Background: Patients with Cerebral Amyloid Angiopathy (CAA) have posterior vascular amyloid deposition and lower Amyloid Beta (Aβ) levels when compared to Alzheimer’s Disease (AD). We hypothesized that similar findings would be observed in AD patients with strictly lobar microbleeds (LMB) and/or cortical superficial siderosis (cSS) attributable to CAA [CAA-AD], when compared to AD with no hemorrhagic lesion [NH-AD].
Methods: We reviewed brain MRIs of patients with AD who had T2*-, FLAIR and 3D T1-weighted MRI as well as Florbetapir PET, CSF Aβ-42 and tau levels, and APOE status within the ADNI database. We compared the demographics, quantitative imaging and lab findings of CAA-AD to NH-AD.

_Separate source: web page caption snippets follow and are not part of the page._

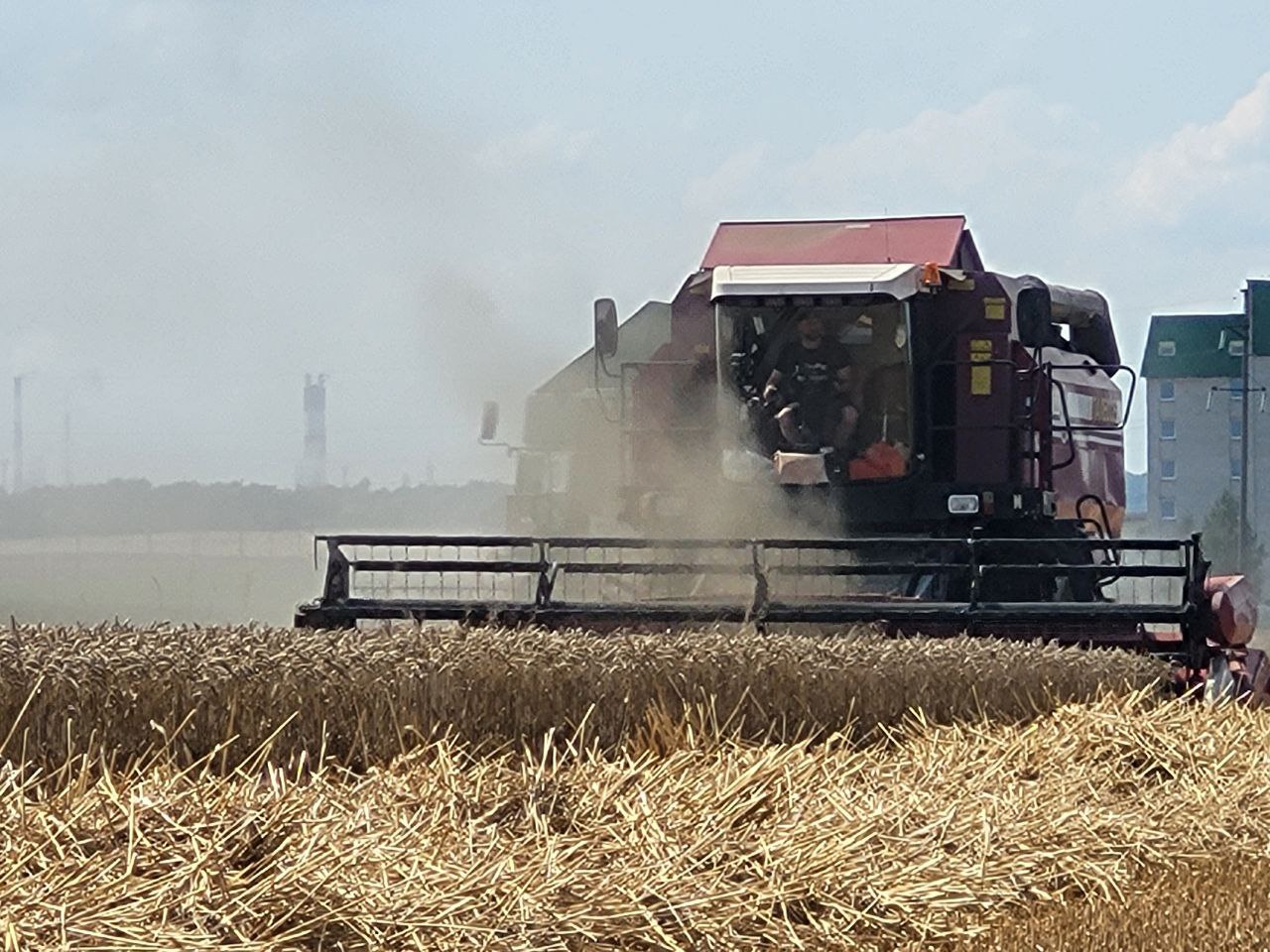 В СПК "Прогресс-Вертелишки" аграрии продолжают собирать урожай.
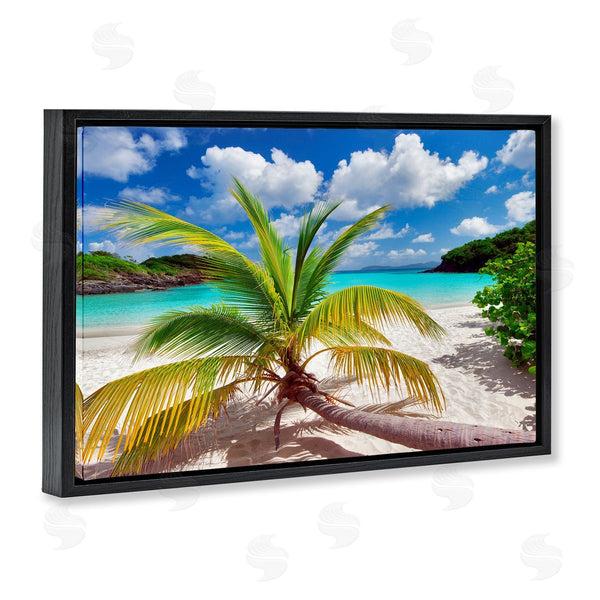 Stupell Industries Dennis Frates | Palm Tree Across Beach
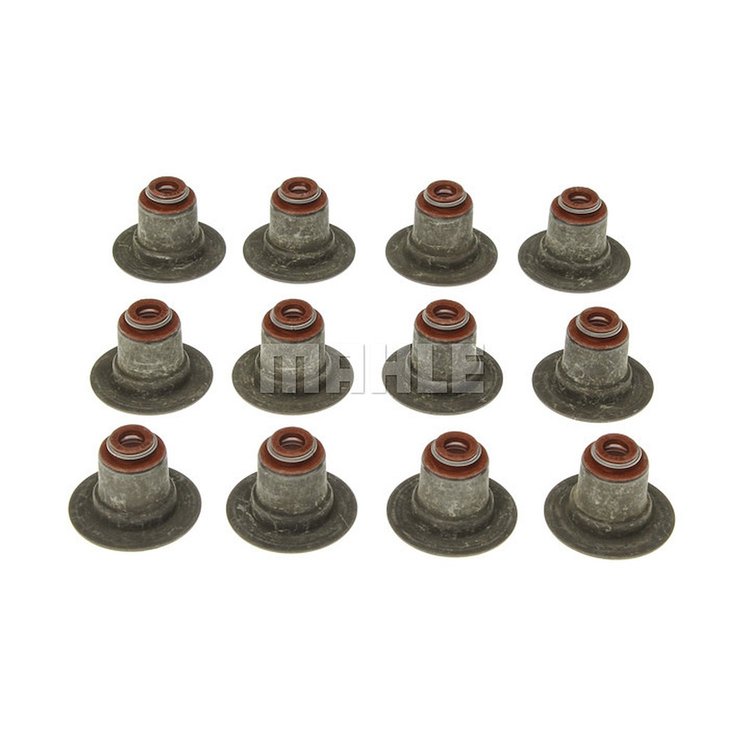 Valve Stem Seal Set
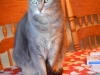 dscn0146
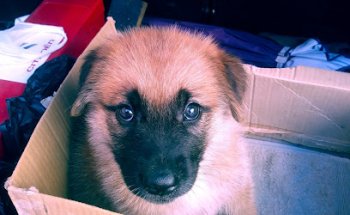 El Perro Chico Clínica Veterinaria (antes El Perro Verde)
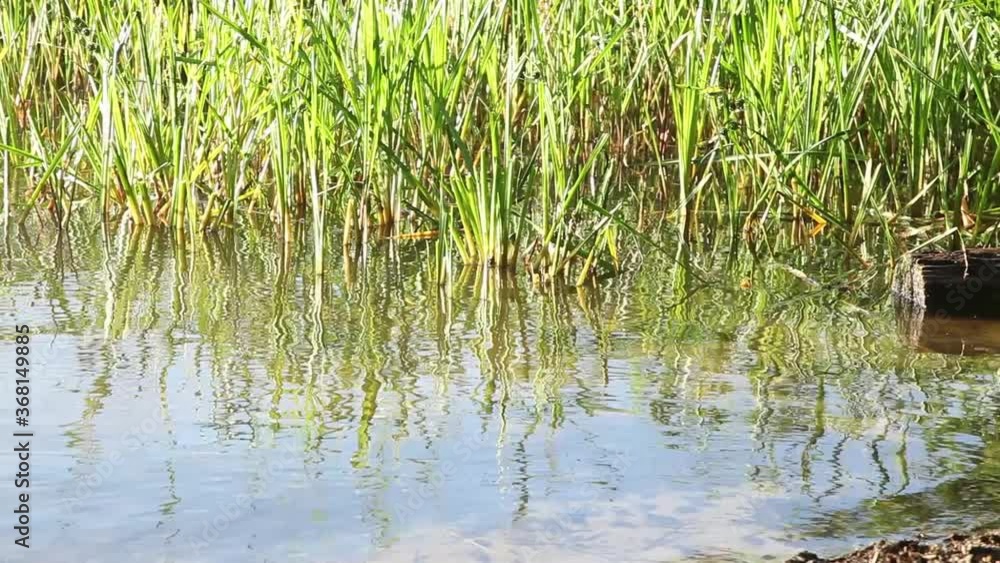 View of the edge of a lake with cattails. Log of wood in the water. Reflection in the water View of the edge of a lake with cattails. Log of wood in the water. Reflection in the water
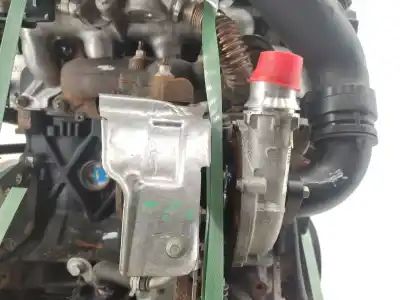 Pezzo di ricambio per auto di seconda mano motore completo per renault scénic iii (jz0/1_) 1.9 dci (jz0j, jz1j, jz1k, jz1s) riferimenti oem iam f9q872  
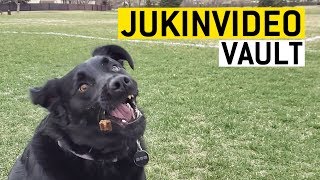 animales Momentos divertidos con perros 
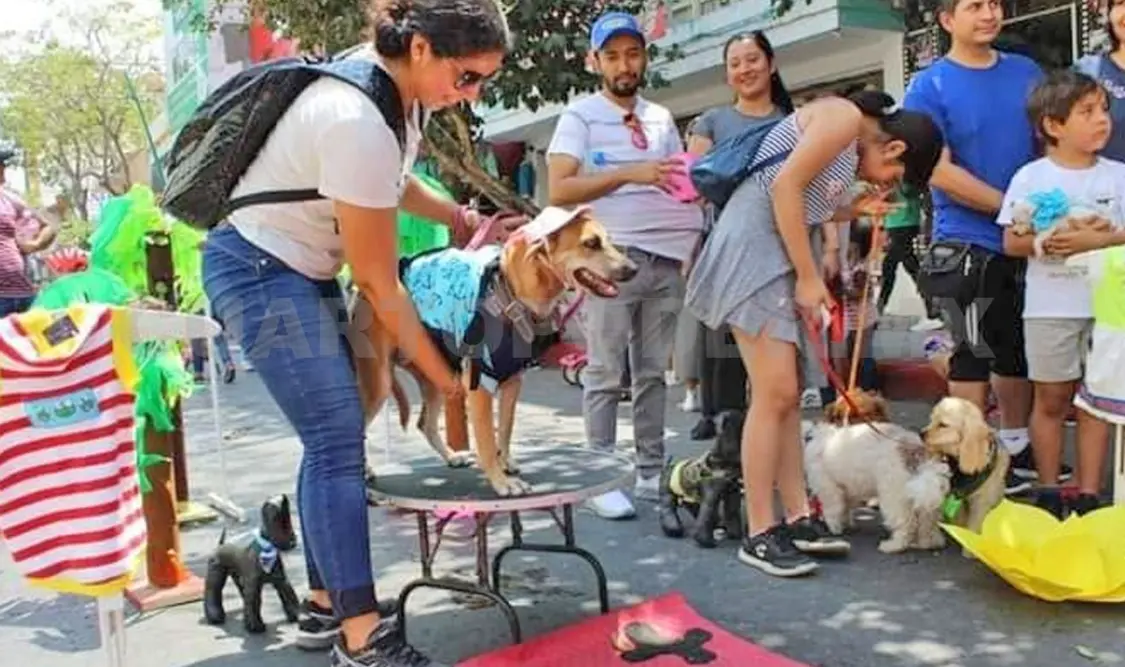 La avenida central de la capital chiapaneca será el punto de reunión para la ciudadanía. Cortesía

Results: The CAA-AD (n=51) and NH-AD (n=85) groups were balanced for age, gender and history of hypertension (all p>0.2). The APOE4 was more frequently present in the CAA-AD group (78% vs 60%, p=0.038), no difference for APOE2 (p=0.41). Patients with CAA-AD had higher WMH volume (0.73 vs 0.49 % intracranial volume [ICV], p=0.035) and higher occipital-to-global Florbetapir ratio (0.98 vs 0.94, p=0.02) but similar mean cortical Florbetapir uptake (1.38 vs 1.36, p=0.57), cortical thickness (2.22 vs 2.20 mm, p=0.38), and hippocampal volume (0.37 vs 0.38 % of ICV, p=0.24) when compared to NH-AD. In a multivariable regression model that included all variables above, higher occipital-to-global Florbetapir ratio (p=0.009) and presence of APOE4 (p=0.002) were associated with CAA-AD, higher WMH (p=0.097) showed a trend. In 117 patients with CSF data, CAA-AD (n=46) had lower Aβ-42 (127 vs 140 pg/ml, p=0.038) but similar tau levels (131 vs 136 pg/ml, p=0.68) when compared to NH-AD. Lower Aβ-42 was associated with CAA-AD (p=0.024) in the relevant multivariate regression model.
Conclusions: Over one-third of patients with AD displayed subtle hemorrhagic lesions in a CAA-pattern on MRI. When compared to NH-AD, they have higher occipital Florbetapir uptake suggesting vascular amyloid binding and lower CSF Aβ-42 levels that might be related to sequestering of amyloid in cortical vessel walls. These results support the possibility that advanced CAA commonly accompanies clinically diagnosed AD, contributing to dementia pathogenesis and potentially affecting clinical treatment decisions.